As we passed by the UP campus, the imposing oblation statue reminded me once again that an ideology that is not translated into action is a moribund rationality and that silence is a perfect accomplice of oppression and injustice. The old yet graceful acacia trees along this part of Gorordo must have gathered all discourses of students huddled beneath their branches, inscribing these opinions and feelings into their barks, made tough and calloused by time.
After passing a colorful intermixture of sidewalk carenderias, barber shops, internet cafes, and sari-sari stores, we came to the end of Gorordo Avenue where it fuses with the uphill Veterans Drive and the animated Salinas Drive. This junction is a perfect spot for street gourmet where the air smells of vibrant foodstuff, of delectable barbecue, ginabut, ngohiong, kinupusan, and lumpia that go scrumptious with puso. One finds this sidewalk panorama every night on this part of Salinas Drive. Pungko-pungko vendors line up their assorted foodstuffs, placed inside plastic containers on top of creaky tables where hungry customers, seated on creaky benches dig into their plates for quick, inexpensive dinners.

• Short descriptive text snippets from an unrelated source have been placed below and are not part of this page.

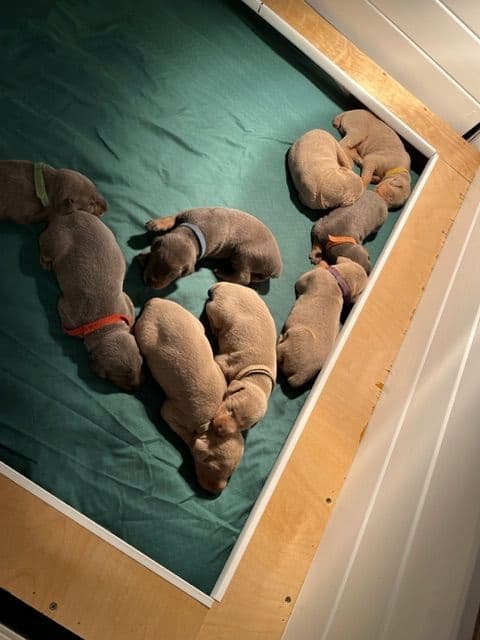 Doberman Pinscher Puppies media 6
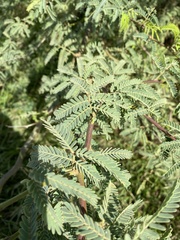 Prosopis pallida
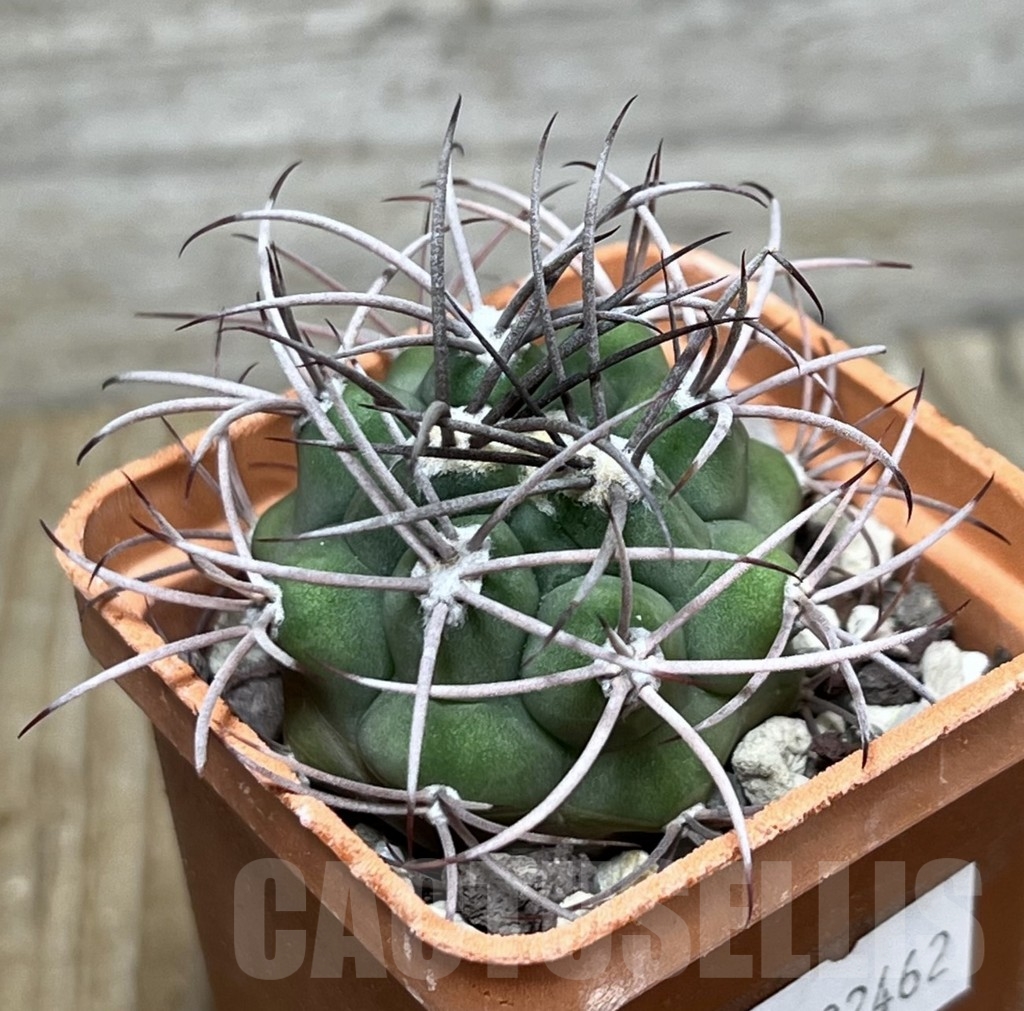 SHPR22462 Gymnocalycium saglionis VOS 828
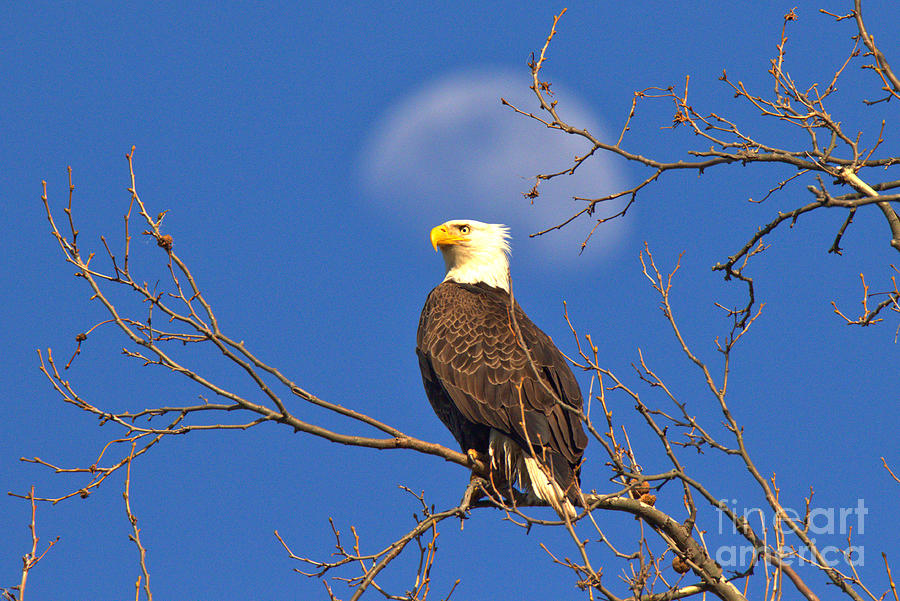 The Moon Over An Eagle Photograph by Adam Jewell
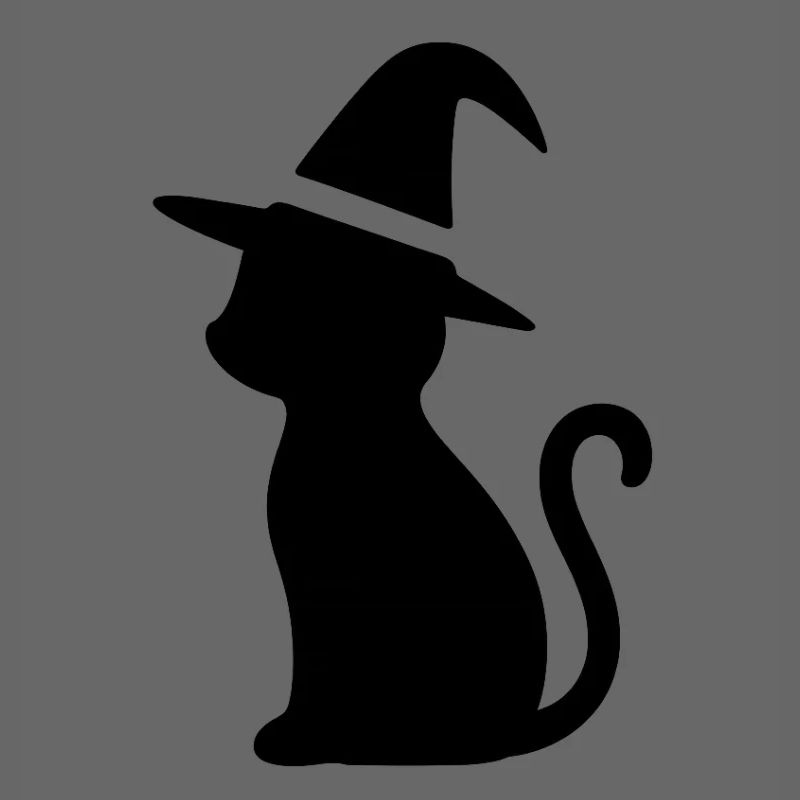 Katze mit Hexenhut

A few meters ahead, dining is more refined and tasteful in style with no creaky benches and tables, and diners are served with dandy, courteous attendants – an acute contradiction to the stark setting of pungko-pungko dining. One doesn't fret for a table inside the Ching Palace or Golden Cowrie, or the Korean-Japanese Jumong. Here, you get politely ushered to a comfortable spot.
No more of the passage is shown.